What’s ingenious about Gerwig and Baumbach’s story (say what you will about the whole, but you cannot deny the best part of Barbie outside its immaculate production design is its script) is that they kill two birds with one stone via their conceit. Not only is the idea of Barbieland being a literal manifestation of a child’s imagination allow them to dig into a Barbie’s potential to empower (connecting each doll to the many youngsters who have indelible memories of them), but it lets them comment on the ways in which the toy’s reductive nature in a patriarchal, capitalistic world is problematic for those gains too.
Barbie awakens to the fear and anxieties of being a woman in a man’s world just as Ken (Ryan Gosling) opens his eyes to the possibilities of having autonomy after a lifetime of always being relegated as the plus-one. We begin to see that neither end of the spectrum is perfect (although we should all be able to agree that Barbieland is much closer) and that the real lesson is realizing empathy and originality is key. And that it’s not always external forces that delude us into thinking conformity is better. Oftentimes our worst enemy in that regard is ourselves.
Can dolls made real who bring back what they learned to their fictional existence teach that lesson alone? No. They get halfway with some wonderfully witty humor capped off by memorable turns from Michael Cera as Allan and Kate McKinnon as “Weird” Barbie, but we need someone on the other side to complement and bolster that journey. Enter Sasha (Ariana Greenblatt) and her mother Gloria (America Ferrera)—two women fighting for their place in a world that treats them like second class citizens. Two women who can educate the Barbies about reality and reclaim a bit of magic by remembering what it means to dream.

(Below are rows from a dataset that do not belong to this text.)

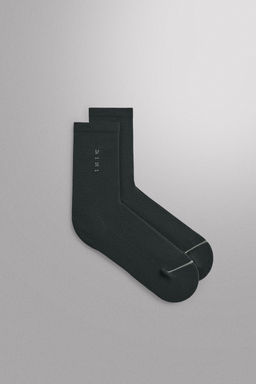 CALCETINES T?CNICOS ENTRENAMIENTO PACK 2 / Gris antracita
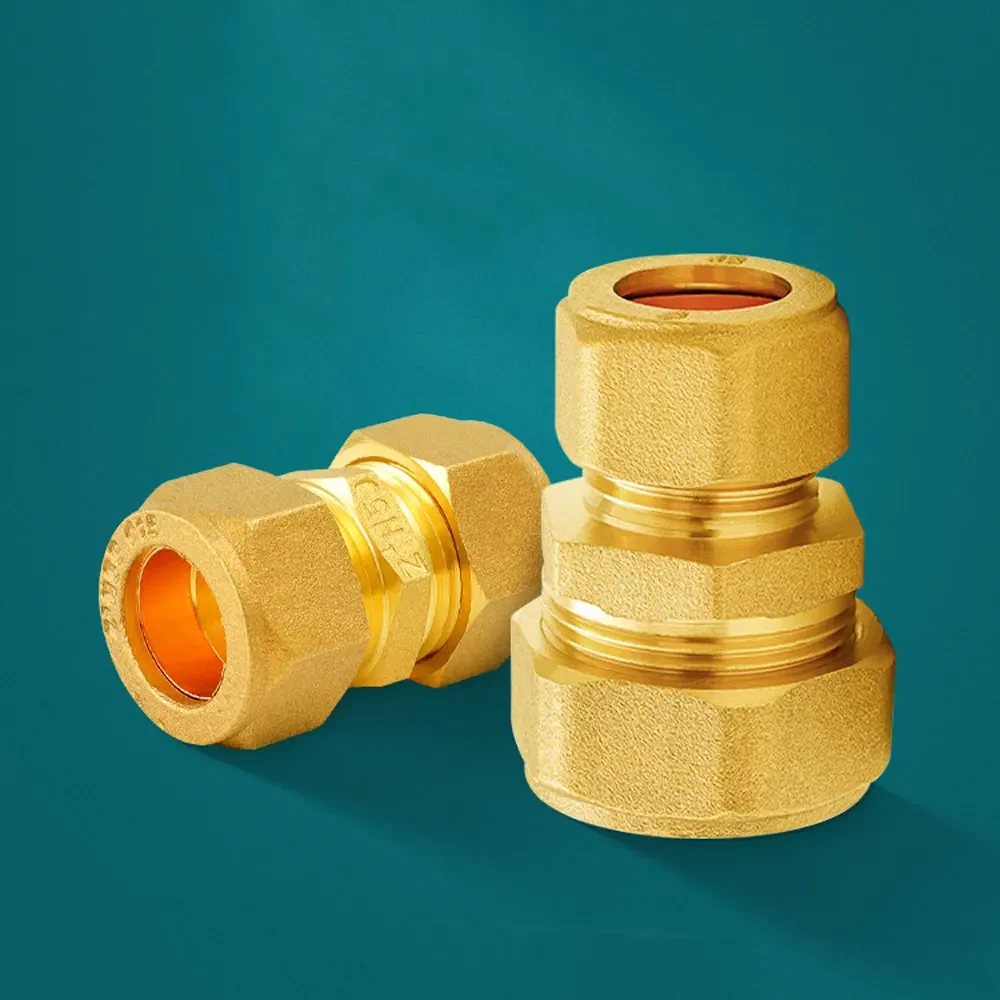 Brass 6/8/10/12/14/15/16/18/22 - Compression Fitting Brass のレビューと価格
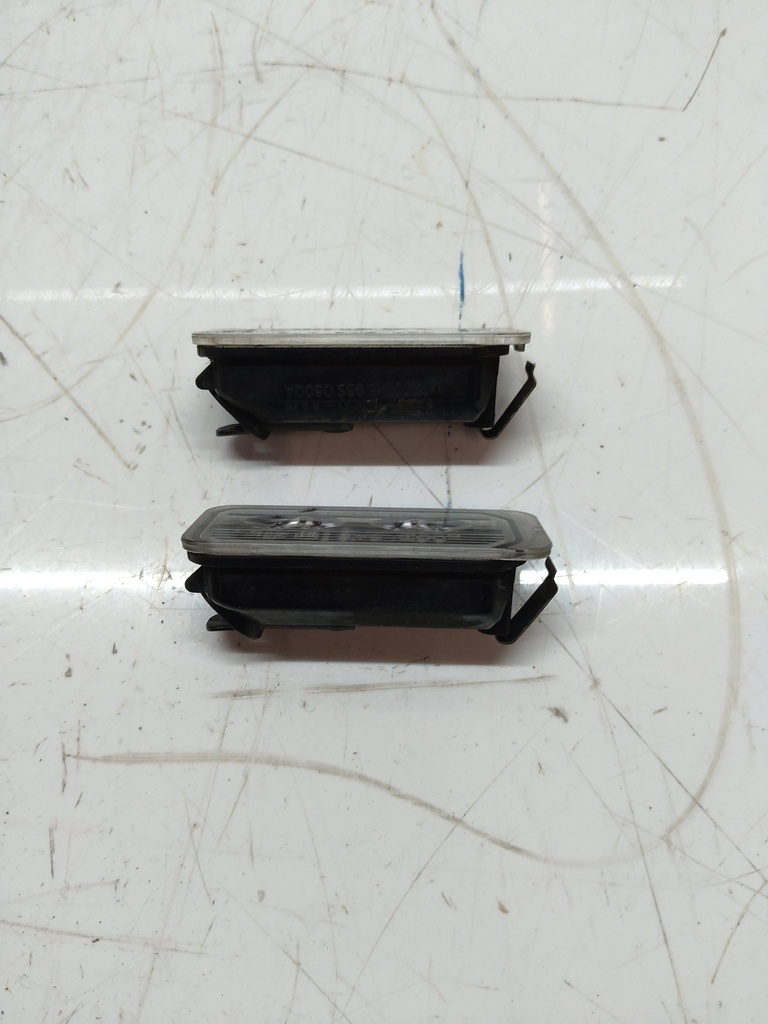 [MTD-503585] 2x Luz de matrícula Jaguar XJ X351 3.0 D 306DTA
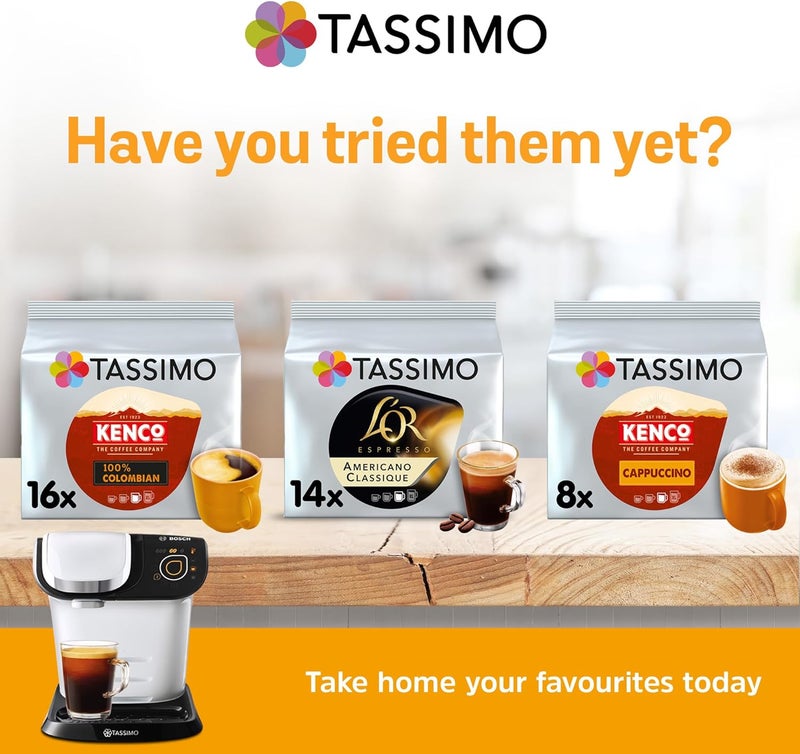 TASSIMO Costa Americano Coffee Pods - 16 T DISCs (Pack of 5, Total 80 T DISCs) - Image 3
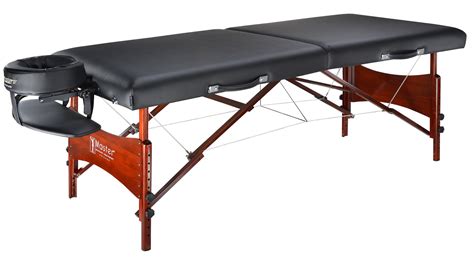 Master Massage Newport 30 Professional Portable Massage Table Package Black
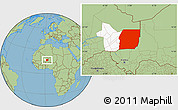 Savanna Style Location Map of n.a., highlighted parent region, highlighted grandparent region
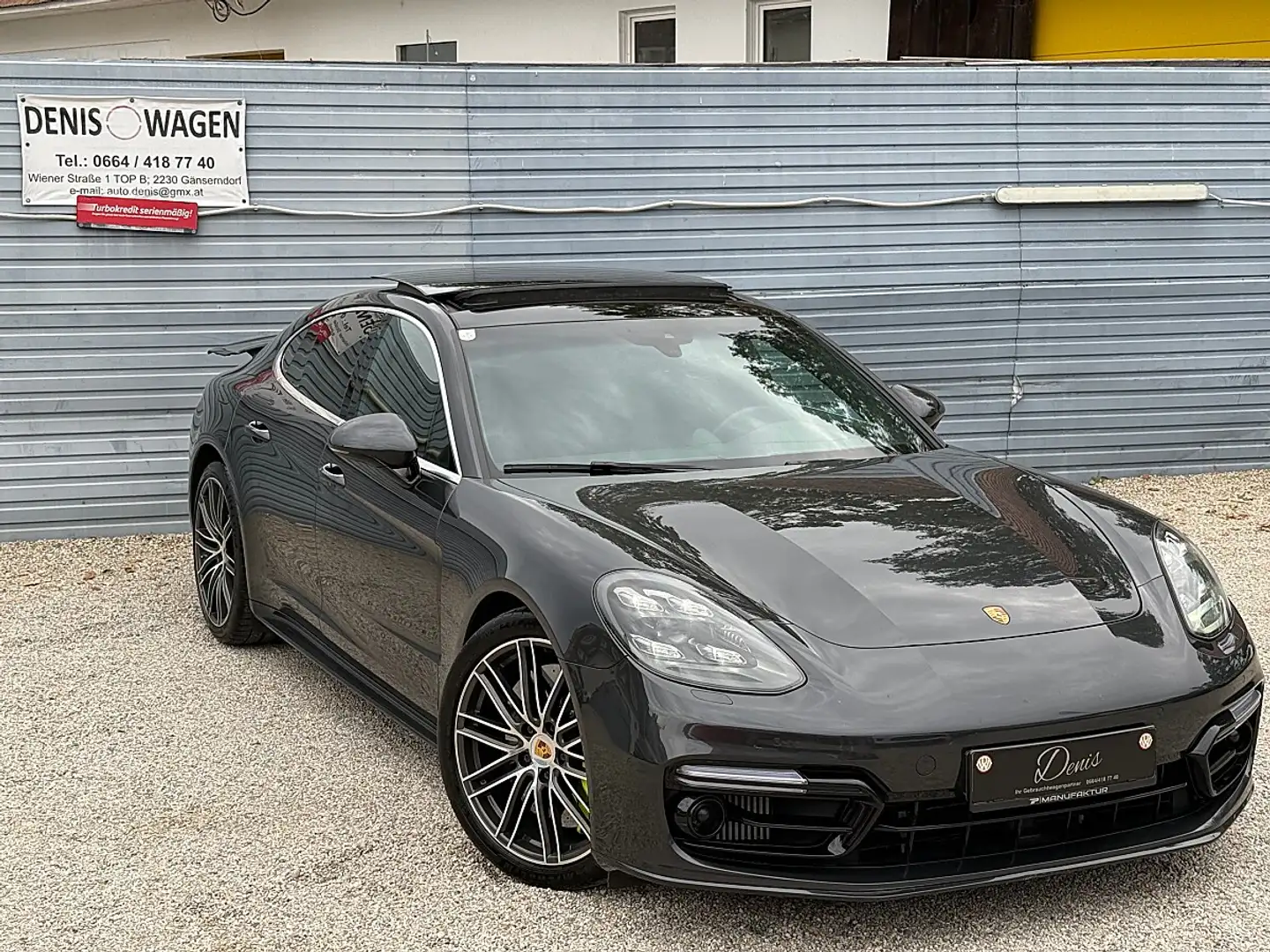 Porsche Panamera 4.0 Turbo S E-Hybrid Turbo S E-Hybrid APPROVED ... Silber - 1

The result is inspiring. It’s also heartbreaking (yes, Ferrera’s monologue is that good and hopefully turns her into a dark horse Oscar pick). For all the great things Robbie and Gosling are doing on a comedic level of committing to the bit, their brilliance lies in the ability to also bring pathos to a narrative that never shies away from the complicated nature of listening to, understanding, and ultimately accepting another’s lived experience and desires. Because we all deserve to exist as our own person outside the shadows of utility, ownership, or conditions. We all deserve the opportunity to love ourselves and have that be enough.
Winner:
Song (“What Was I Made For?”)
Nominee:
Motion Picture, Supporting Actor, Supporting Actress, Adapted Screenplay, Production Design, Costume Design, Song (“I’m Just Ken”)
(L-r) RYAN GOSLING as Ken and MARGOT ROBBIE as Barbie in Warner Bros. Pictures’ BARBIE. © 2023 Warner Bros. Entertainment Inc. All Rights Reserved.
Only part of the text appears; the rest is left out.